TASK INSTRUCTIONS :: Each line from the one containing "點我看大圖 【紙上對決】日系原裝 vs" to the end of the data must be copied exactly, the first and last included; no other lines and no pictures belong in the copy.

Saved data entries

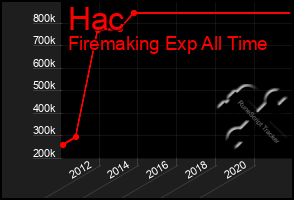 Total Graph of Hac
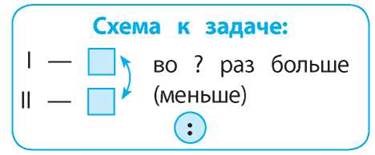 Краткая Запись Задач На Стоимость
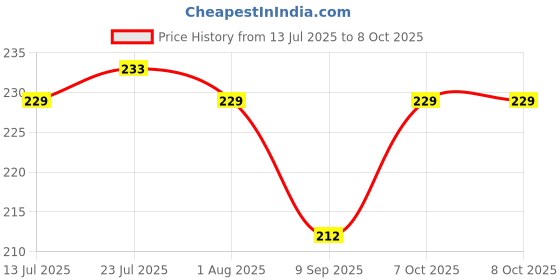 flipkart.com mjkd Cutter for Doctors, Ampule Cutter with Replaceable Grinding Wheels Ampule Cutter with 5 Replaceable Grinding Wheels Bottle Opener mjkd Price History Graph from 13 Jul 2025 to 8 Oct 2025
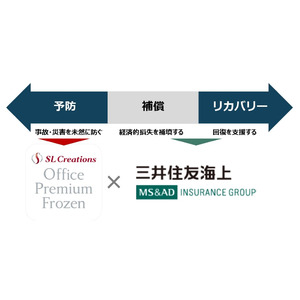 SL Creations、三井住友海上と業務提携 。三井住友海上の課題解決型提案『補償前後のソリューション』のラインナップに採択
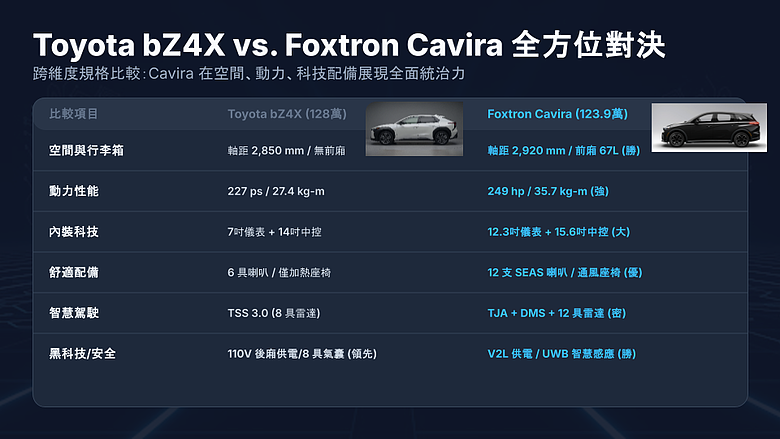點我看大圖 【紙上對決】日系原裝 vs 國產科技!Toyota bZ4X 尬上 Foxtron Cavira,你怎麼選?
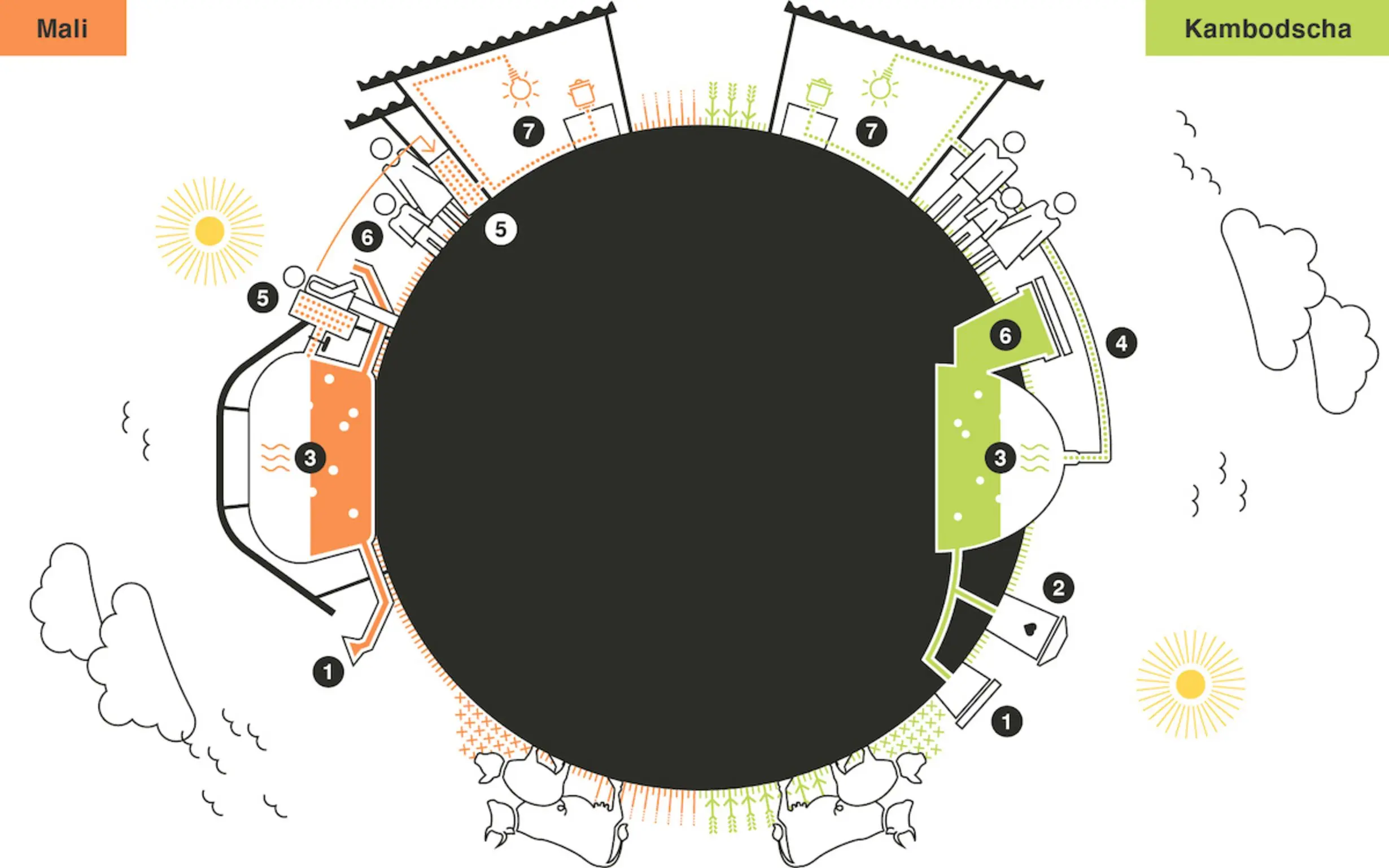 Biogasanlage Funktionsweise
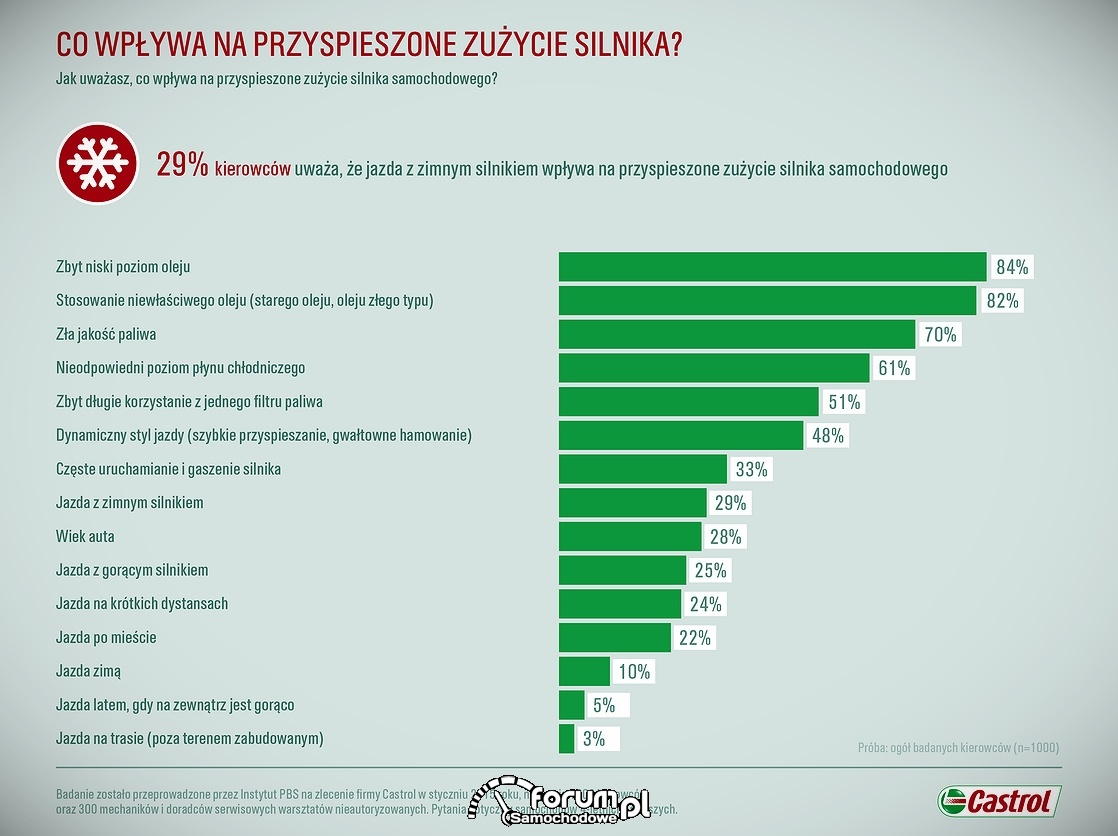 Zużycie silnika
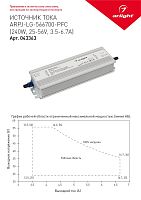 Блок питания ARPJ-LG-566700-PFC (240W, 25-56V, 3.5-6.7A) (Arlight, IP67 Металл, 5 лет) в Ревде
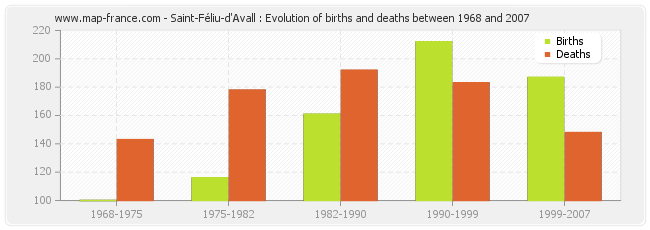 Saint-Féliu-d'Avall : Evolution of births and deaths between 1968 and 2007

OUTPUT FOR THIS EXERCISE ::
點我看大圖 【紙上對決】日系原裝 vs 國產科技!Toyota bZ4X 尬上 Foxtron Cavira,你怎麼選?
 Biogasanlage Funktionsweise
 Zużycie silnika
 Блок питания ARPJ-LG-566700-PFC (240W, 25-56V, 3.5-6.7A) (Arlight, IP67 Металл, 5 лет) в Ревде
 Saint-Féliu-d'Avall : Evolution of births and deaths between 1968 and 2007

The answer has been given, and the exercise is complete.